EXERCISE BRIEF:
Pictures in the entries below are excluded; copy only the lines from the one containing "Razer Kraken Black" to the one containing "Шикарная деаочка лабрадор", both included.

** AVAILABLE RECORDS follows **

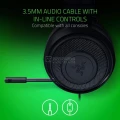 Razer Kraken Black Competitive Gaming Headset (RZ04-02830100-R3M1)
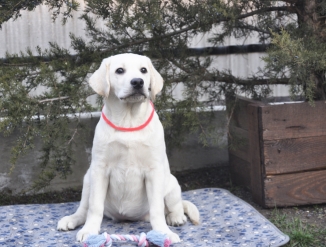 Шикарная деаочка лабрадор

** End of AVAILABLE RECORDS **
** AVAILABLE RECORDS follows **

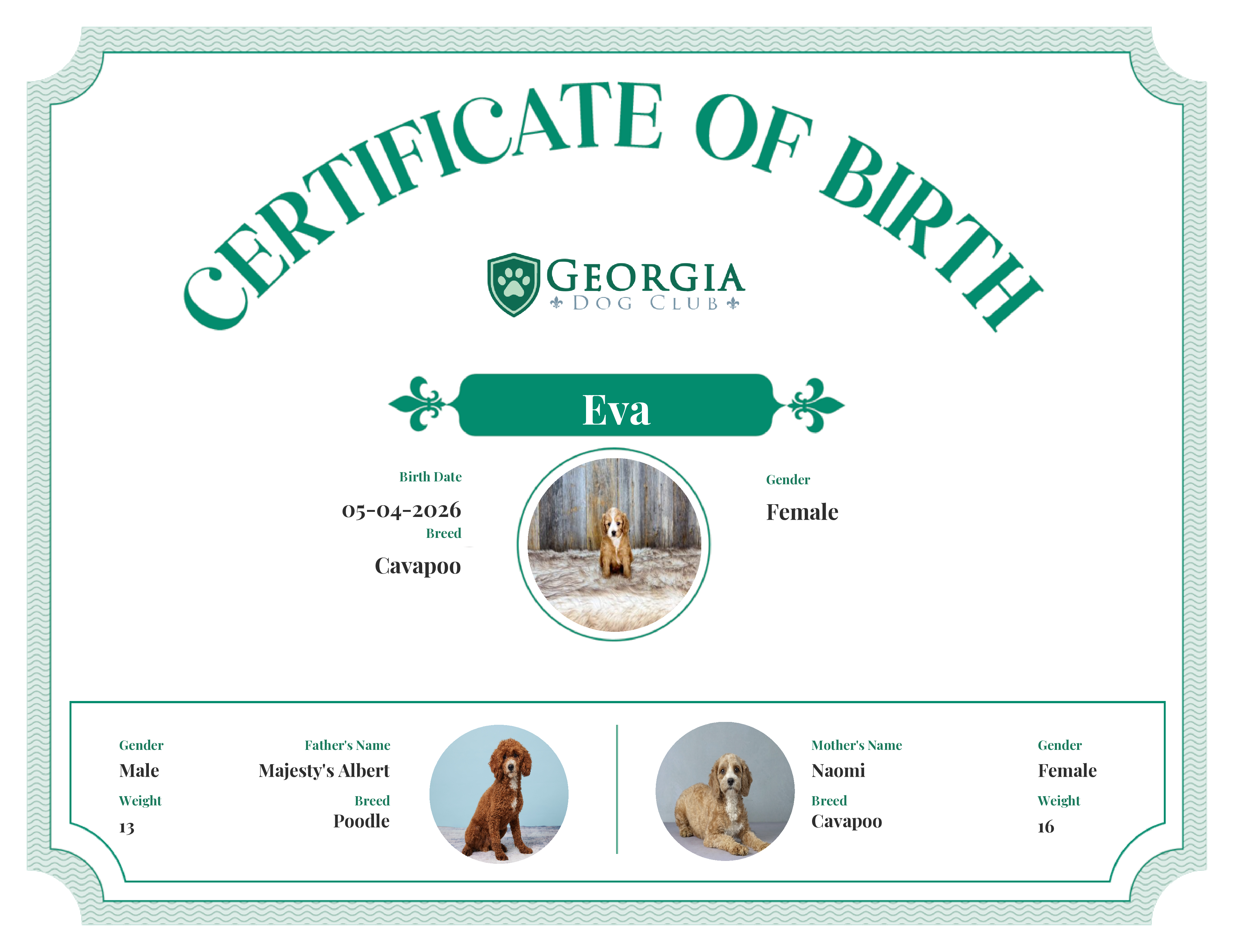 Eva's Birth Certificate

** End of AVAILABLE RECORDS **
** AVAILABLE RECORDS follows **

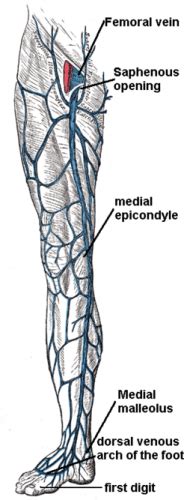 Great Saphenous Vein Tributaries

** End of AVAILABLE RECORDS **

SOLUTION:
 Razer Kraken Black Competitive Gaming Headset (RZ04-02830100-R3M1)
 Шикарная деаочка лабрадор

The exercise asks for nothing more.